## Exercise aim
Each entry below should be output exactly, apart from its images.

Dataset entries:
------------------------------
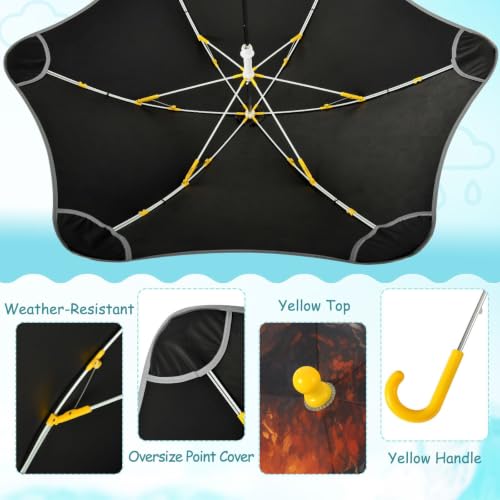 Parapluie pliant pour enfants Fiery Animal avec bande réfléchissante et protection UV - 4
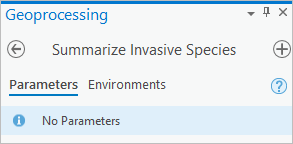 Outil de géotraitement Summarize Invasive Species (Récapituler les plantes invasives)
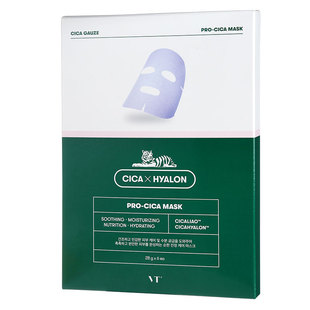 韩国VT老虎面膜二代CICA积雪草补水保湿净痘淡化痘印舒缓修复男女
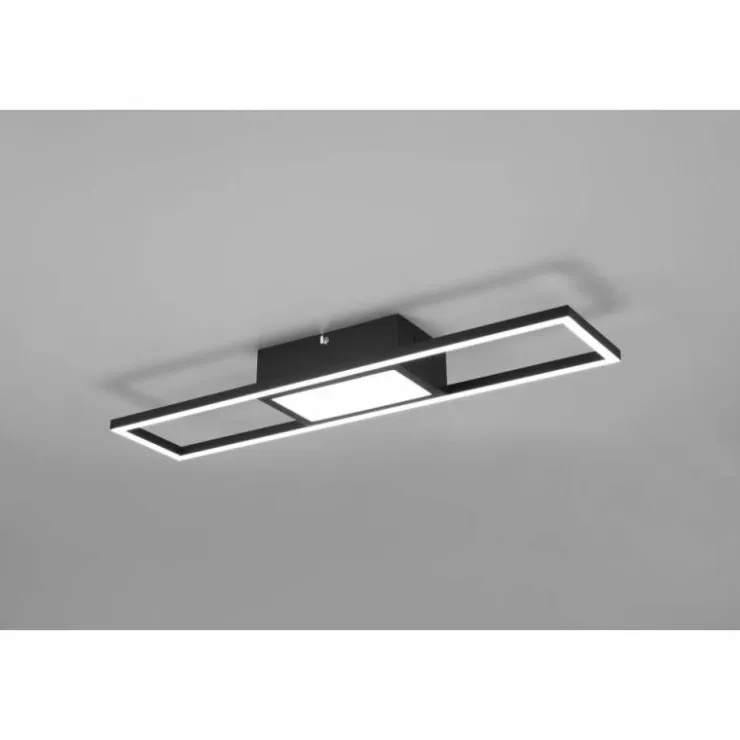 Luminaires Reality Éclairage Led|Plafonnier Reality Rigido LED Noir, 1 lumière, Télécommandes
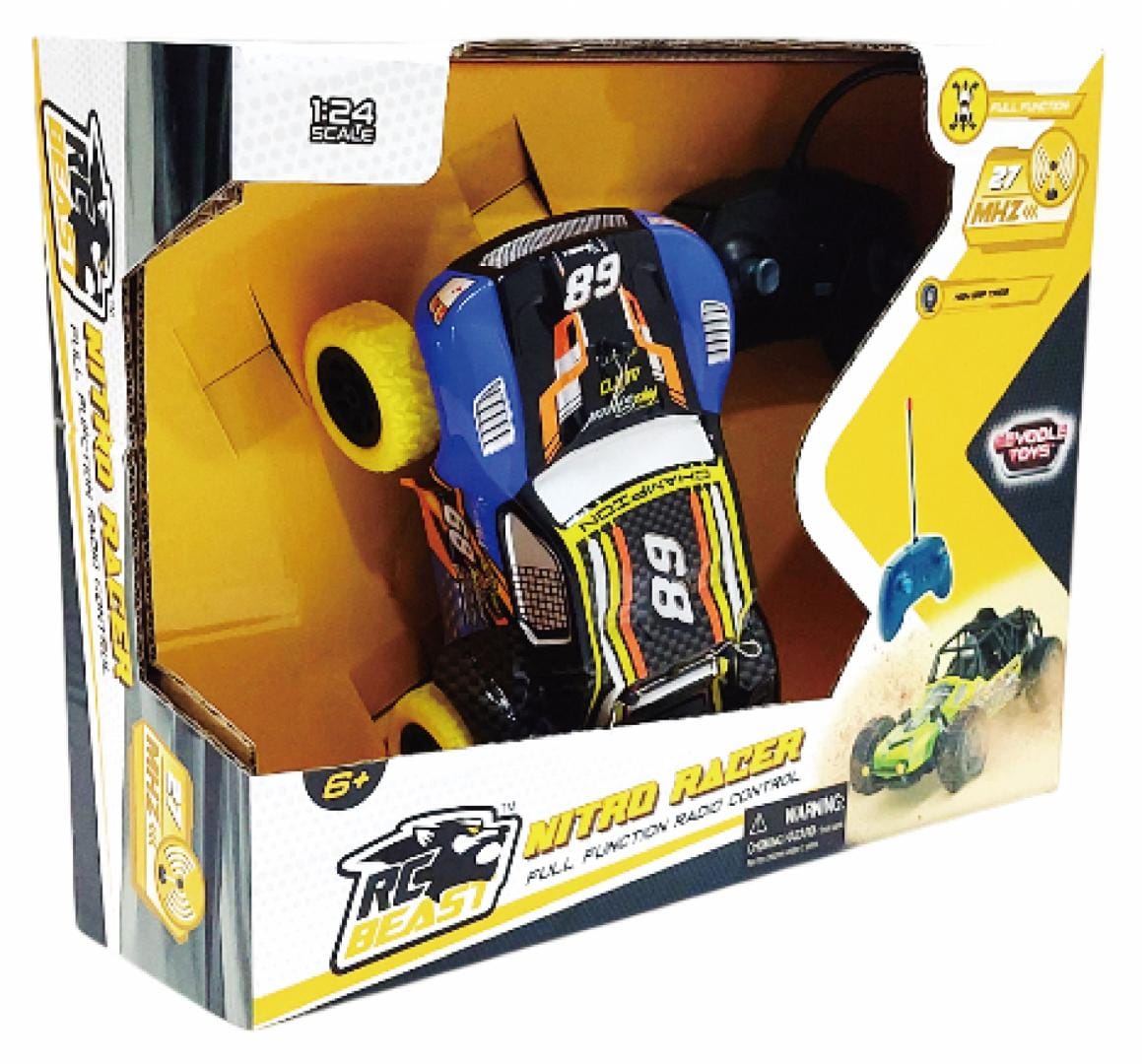 Cevodle Jucării Masinuta cu Telecomanda Cevodle CEV24531-3204MIX | Nitro Racer, 1/24, 19cm
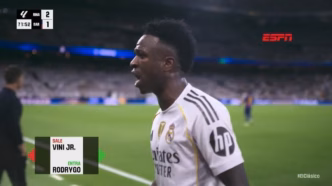Vinícius Júnior substituído Real Madrid — foto ilustrativa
------------------------------
## Solution
 Parapluie pliant pour enfants Fiery Animal avec bande réfléchissante et protection UV - 4
 Outil de géotraitement Summarize Invasive Species (Récapituler les plantes invasives)
 韩国VT老虎面膜二代CICA积雪草补水保湿净痘淡化痘印舒缓修复男女
 Luminaires Reality Éclairage Led|Plafonnier Reality Rigido LED Noir, 1 lumière, Télécommandes
 Cevodle Jucării Masinuta cu Telecomanda Cevodle CEV24531-3204MIX | Nitro Racer, 1/24, 19cm
Vinícius Júnior substituído Real Madrid — foto ilustrativa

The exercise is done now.